22.01.2016 às 19h50
A última homenagem ao arquitecto foi numa igreja com a sua assinatura
O funeral do arquitecto Nuno Teotónio Pereira começou ao som da “Cantata da Paz”. “Vemos, ouvimos e lemos/ Não podemos ignorar”, assim reza o refrão do célebre poema de Sophia de Mello Breyner, musicado por Francisco Fernandes, e que foi suavemente entoado por algumas centenas de pessoas que quiseram prestar a última homenagem ao cidadão arquitecto, cuja vida se confundiu com o catolicismo progressista dos anos sessenta e setenta. O poema, aliás, fora cantado pela primeira vez numa vigília contra a guerra colonial realizada na igreja de São Domingos, na passagem de 1968 para 1969, e organizada clandestinamente por Teotónio Pereira e pela amiga Sophia. Voltou a ser cantado ao princípio da tarde de hoje na igreja do Sagrado Coração de Jesus, em Lisboa, obra da autoria do arquitecto, que lhe valeu um dos quatro prémios Valmor e onde quis que o seu corpo ficasse em câmara ardente.
“CAPACIDADE DE REUNIR E ENVOLVER PESSOAS”
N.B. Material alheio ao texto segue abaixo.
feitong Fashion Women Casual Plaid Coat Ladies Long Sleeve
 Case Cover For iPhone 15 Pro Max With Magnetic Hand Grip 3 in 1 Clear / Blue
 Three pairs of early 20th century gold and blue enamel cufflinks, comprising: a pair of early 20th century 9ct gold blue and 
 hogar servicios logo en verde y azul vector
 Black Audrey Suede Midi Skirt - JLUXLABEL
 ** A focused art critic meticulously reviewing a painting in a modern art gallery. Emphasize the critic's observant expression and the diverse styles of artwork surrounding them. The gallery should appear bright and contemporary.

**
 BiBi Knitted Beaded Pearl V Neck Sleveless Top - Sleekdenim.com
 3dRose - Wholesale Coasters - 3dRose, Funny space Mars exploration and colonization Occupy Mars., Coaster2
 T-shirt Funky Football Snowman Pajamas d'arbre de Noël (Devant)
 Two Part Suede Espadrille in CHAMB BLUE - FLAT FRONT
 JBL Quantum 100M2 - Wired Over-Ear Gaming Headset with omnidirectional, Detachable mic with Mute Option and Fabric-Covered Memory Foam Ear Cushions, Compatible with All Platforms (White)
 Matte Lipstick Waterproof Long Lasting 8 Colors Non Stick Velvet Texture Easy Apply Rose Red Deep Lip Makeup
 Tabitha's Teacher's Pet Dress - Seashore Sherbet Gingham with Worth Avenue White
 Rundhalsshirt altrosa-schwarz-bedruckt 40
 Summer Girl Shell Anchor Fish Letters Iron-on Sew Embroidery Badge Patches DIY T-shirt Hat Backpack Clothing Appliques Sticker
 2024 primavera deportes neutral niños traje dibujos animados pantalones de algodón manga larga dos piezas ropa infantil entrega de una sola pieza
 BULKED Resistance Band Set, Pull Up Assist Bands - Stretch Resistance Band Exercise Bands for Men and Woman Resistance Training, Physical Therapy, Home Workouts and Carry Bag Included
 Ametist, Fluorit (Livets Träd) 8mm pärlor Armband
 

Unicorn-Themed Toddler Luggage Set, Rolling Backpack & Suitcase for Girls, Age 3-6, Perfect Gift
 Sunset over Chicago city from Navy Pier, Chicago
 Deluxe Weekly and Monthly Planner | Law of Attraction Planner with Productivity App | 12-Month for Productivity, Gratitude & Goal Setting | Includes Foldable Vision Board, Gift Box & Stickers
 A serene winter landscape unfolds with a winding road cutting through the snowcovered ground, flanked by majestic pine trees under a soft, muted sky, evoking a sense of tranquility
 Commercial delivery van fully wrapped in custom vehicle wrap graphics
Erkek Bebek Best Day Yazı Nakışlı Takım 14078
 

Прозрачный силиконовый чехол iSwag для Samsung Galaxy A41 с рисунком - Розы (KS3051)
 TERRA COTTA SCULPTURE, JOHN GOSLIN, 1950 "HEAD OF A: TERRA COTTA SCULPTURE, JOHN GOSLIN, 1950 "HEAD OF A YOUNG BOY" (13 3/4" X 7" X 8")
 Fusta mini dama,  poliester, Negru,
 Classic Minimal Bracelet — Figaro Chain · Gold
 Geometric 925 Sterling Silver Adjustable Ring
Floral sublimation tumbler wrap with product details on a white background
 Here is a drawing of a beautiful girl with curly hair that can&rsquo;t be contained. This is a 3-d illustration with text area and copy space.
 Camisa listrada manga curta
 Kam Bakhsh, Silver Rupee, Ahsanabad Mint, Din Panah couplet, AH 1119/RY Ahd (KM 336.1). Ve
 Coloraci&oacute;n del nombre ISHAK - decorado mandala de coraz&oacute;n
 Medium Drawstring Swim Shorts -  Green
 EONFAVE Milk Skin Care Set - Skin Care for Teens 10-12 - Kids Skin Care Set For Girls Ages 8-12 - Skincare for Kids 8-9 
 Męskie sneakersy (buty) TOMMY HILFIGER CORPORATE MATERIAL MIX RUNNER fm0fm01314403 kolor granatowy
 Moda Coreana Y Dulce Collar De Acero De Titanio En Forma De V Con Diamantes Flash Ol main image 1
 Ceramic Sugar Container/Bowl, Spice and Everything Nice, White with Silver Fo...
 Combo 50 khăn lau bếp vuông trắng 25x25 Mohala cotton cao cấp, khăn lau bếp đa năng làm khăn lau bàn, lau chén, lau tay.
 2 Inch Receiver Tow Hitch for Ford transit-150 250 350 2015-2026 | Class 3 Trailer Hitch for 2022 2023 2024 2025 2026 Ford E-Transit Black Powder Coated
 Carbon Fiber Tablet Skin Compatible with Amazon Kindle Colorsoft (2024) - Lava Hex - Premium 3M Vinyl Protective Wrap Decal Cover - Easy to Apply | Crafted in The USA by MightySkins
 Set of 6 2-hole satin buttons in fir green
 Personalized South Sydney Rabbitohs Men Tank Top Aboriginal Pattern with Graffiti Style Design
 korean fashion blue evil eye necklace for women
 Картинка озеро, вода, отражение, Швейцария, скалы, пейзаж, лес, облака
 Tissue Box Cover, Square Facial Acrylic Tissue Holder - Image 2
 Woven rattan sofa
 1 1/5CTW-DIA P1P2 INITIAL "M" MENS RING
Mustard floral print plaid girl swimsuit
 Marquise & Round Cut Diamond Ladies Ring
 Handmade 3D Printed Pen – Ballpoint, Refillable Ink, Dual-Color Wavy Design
A cerimónia, muito simples, foi presidida pelo frei Bento Domingues, que conheceu Teotónio Pereira em 1962 e de quem também era grande amigo. O dominicano saudou a assistência, dizendo que lhe fazia lembrar “os encontros dos terceiros sábados”, como ficaram conhecidas as reuniões, promovidas por Teotónio Pereira e a primeira mulher, Natália Duarte Silva, perto do Campo Pequeno, e que há mais de 40 anos constituíam um habitual ponto de encontro de numerosos católicos progressistas. Bento salpicou a sua intervenção com várias leituras, incluindo uma crónica de 1995 do próprio arquitecto no Público, as bem-aventuranças do evangelho de São Mateus (numa velha versão do movimento Metanóia) e até uma frase de Raul Solnado, que lhe ouvira pouco antes de morrer: “Deus do amor, livra-me de um deus sem humor…” Socorrendo-se de numerosas citações do Papa Francisco, o sacerdote estabeleceu um certo paralelismo entre Jorge Bergoglio e Teotónio Pereira, em termos de irrequietude, inconformismo e alegria. Deste, elogiou a “sua capacidade de reunir e envolver pessoas”, de “inventar” e de “não fazer juízos de valor”. Bento Domingues quis terminar com mais um texto de Sophia, extraído da sua “Carta aos amigos mortos”: “E eu vos peço por este amor cortado/ Que vos lembreis de mim lá onde o amor/ Já não pode morrer nem ser quebrado./ Que o vosso coração que já não bate/ O tempo denso de sangue e de saudade/Mas vive a perfeição da claridade/ Se compadeça de mim e de meu pranto/ Se compadeça de mim e do meu canto.”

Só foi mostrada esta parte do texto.